Work item =
The answer is to be the lines below that lie between the line holding "Moodulnurgadiivan Tivlomi 119 (Bluvel 14)" and the line holding "840 Arietta Circle, Auburndale, FL", inclusive, transcribed exactly and free of pictures.

#####

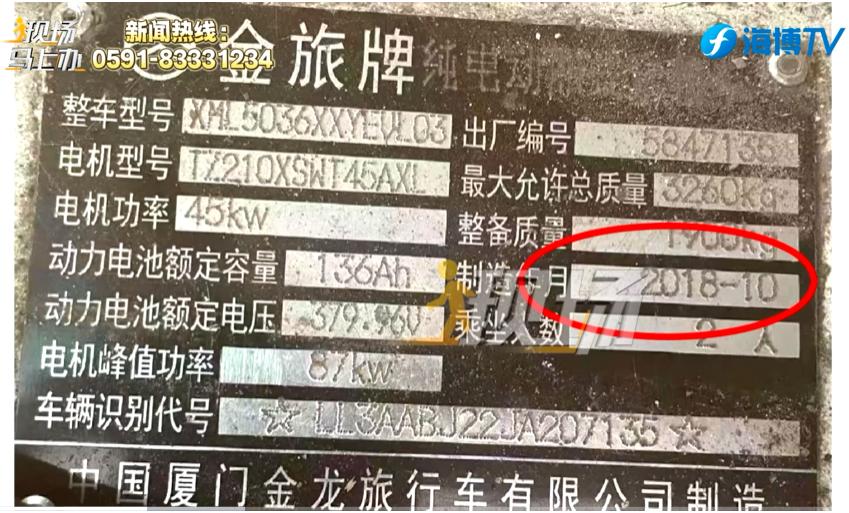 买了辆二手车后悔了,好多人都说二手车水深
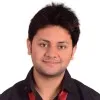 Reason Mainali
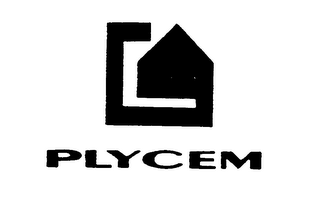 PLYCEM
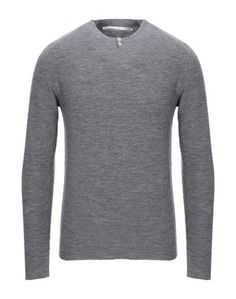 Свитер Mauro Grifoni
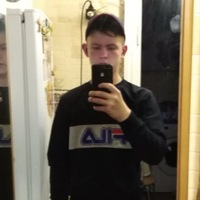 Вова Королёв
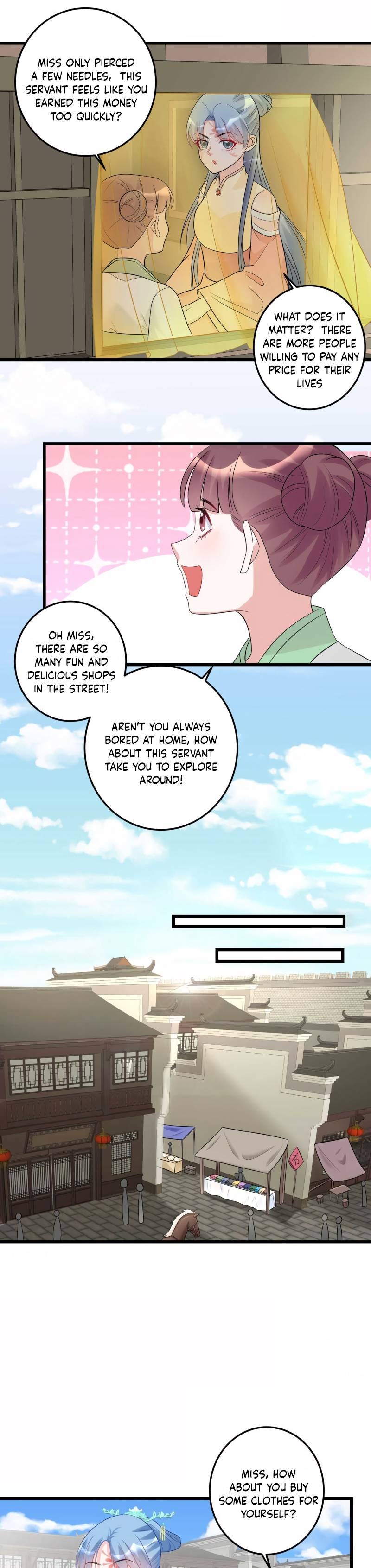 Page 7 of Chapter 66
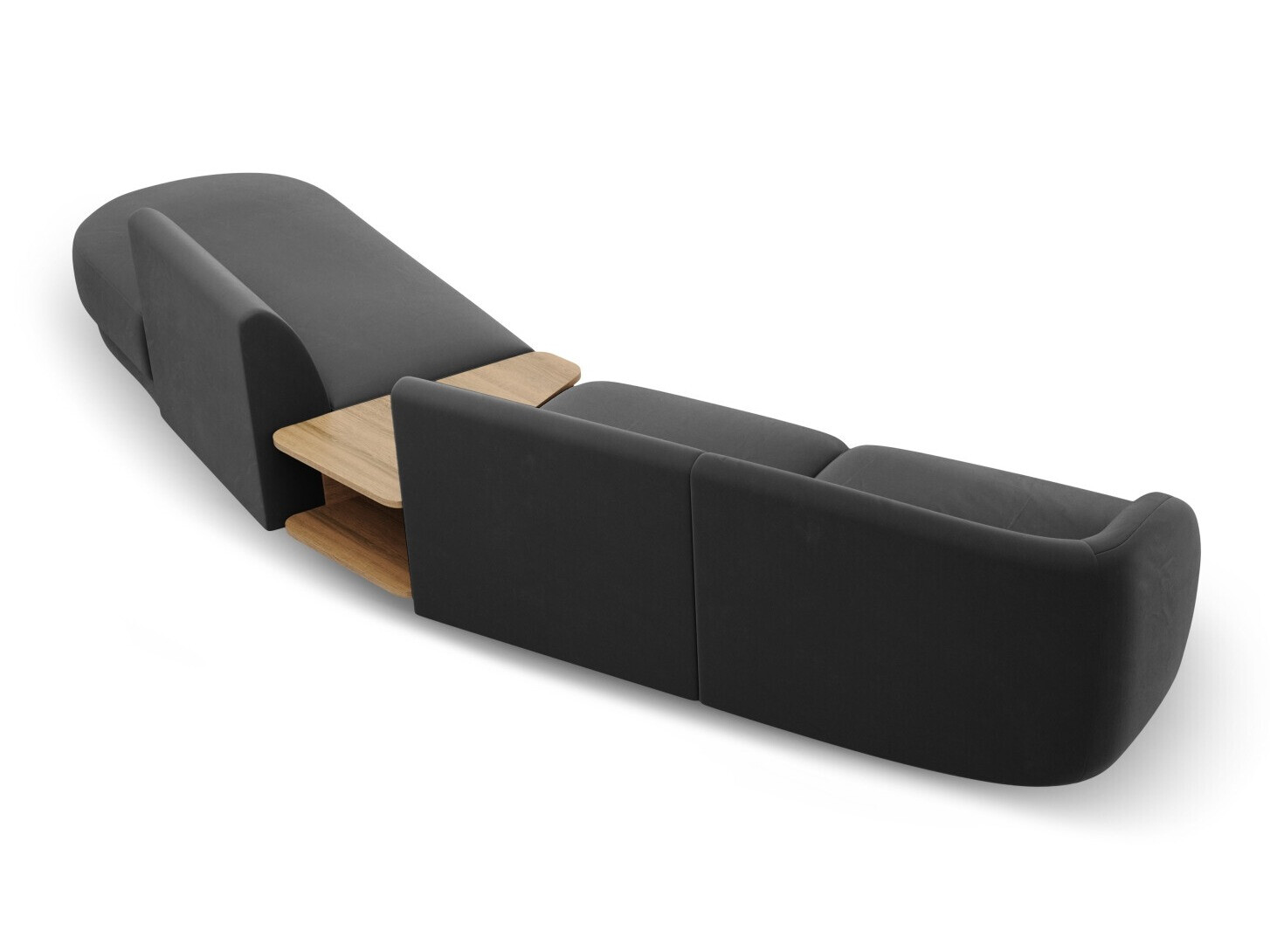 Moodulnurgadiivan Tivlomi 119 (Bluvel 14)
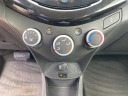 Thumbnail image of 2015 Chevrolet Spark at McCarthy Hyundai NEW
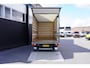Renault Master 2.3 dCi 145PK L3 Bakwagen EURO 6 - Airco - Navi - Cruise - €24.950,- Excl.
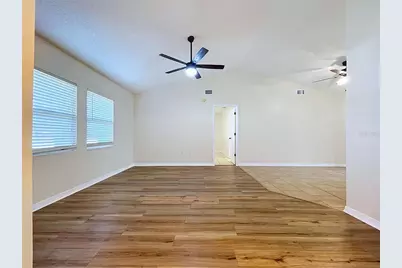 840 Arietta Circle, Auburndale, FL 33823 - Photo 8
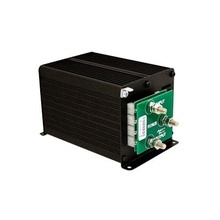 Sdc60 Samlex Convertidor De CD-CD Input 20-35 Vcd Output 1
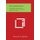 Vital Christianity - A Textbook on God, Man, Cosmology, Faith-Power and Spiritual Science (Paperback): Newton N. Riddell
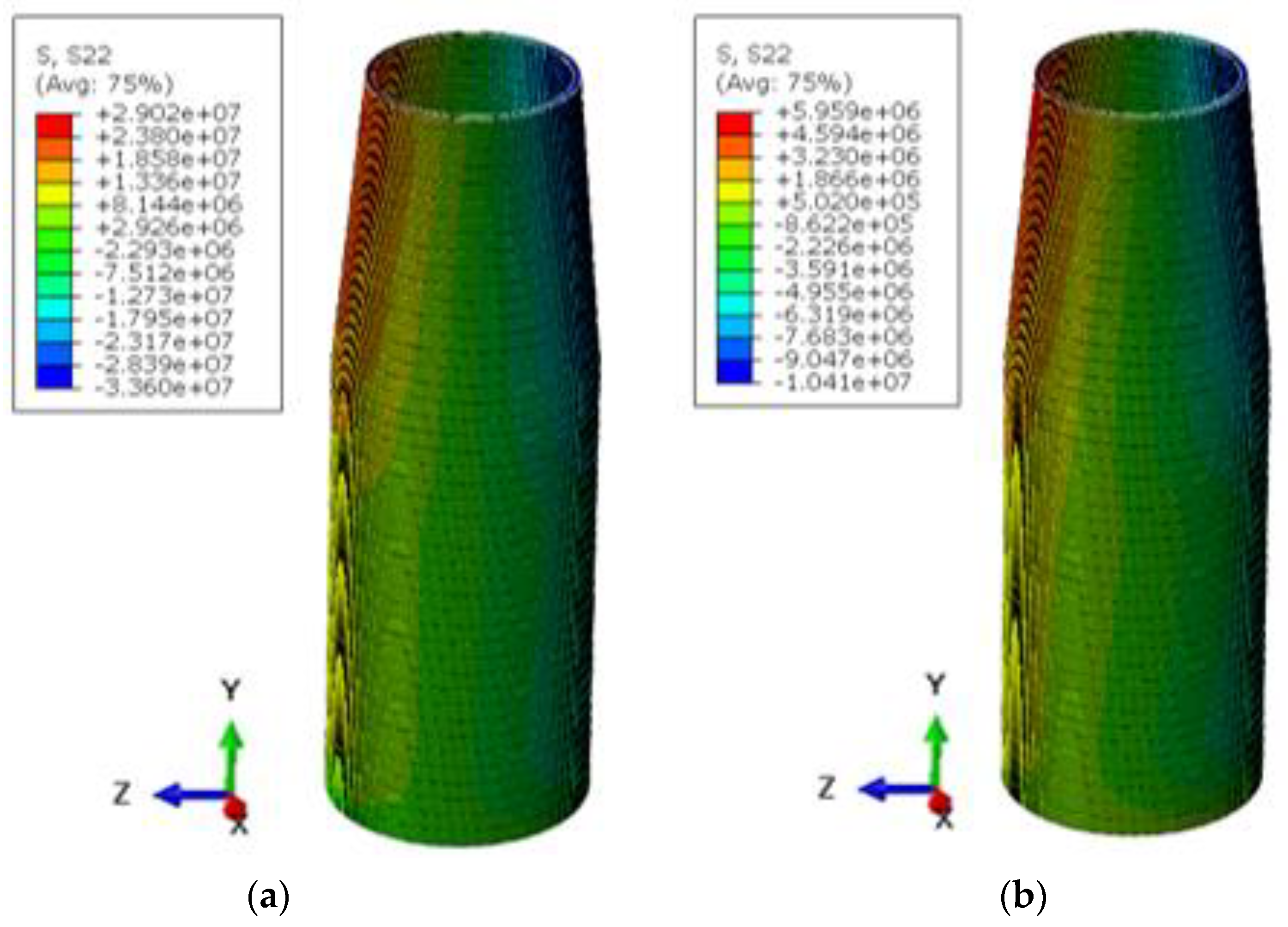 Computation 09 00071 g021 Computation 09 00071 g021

#####

Problem solution =
 Moodulnurgadiivan Tivlomi 119 (Bluvel 14)
 Thumbnail image of 2015 Chevrolet Spark at McCarthy Hyundai NEW
Renault Master 2.3 dCi 145PK L3 Bakwagen EURO 6 - Airco - Navi - Cruise - €24.950,- Excl.
 840 Arietta Circle, Auburndale, FL 33823 - Photo 8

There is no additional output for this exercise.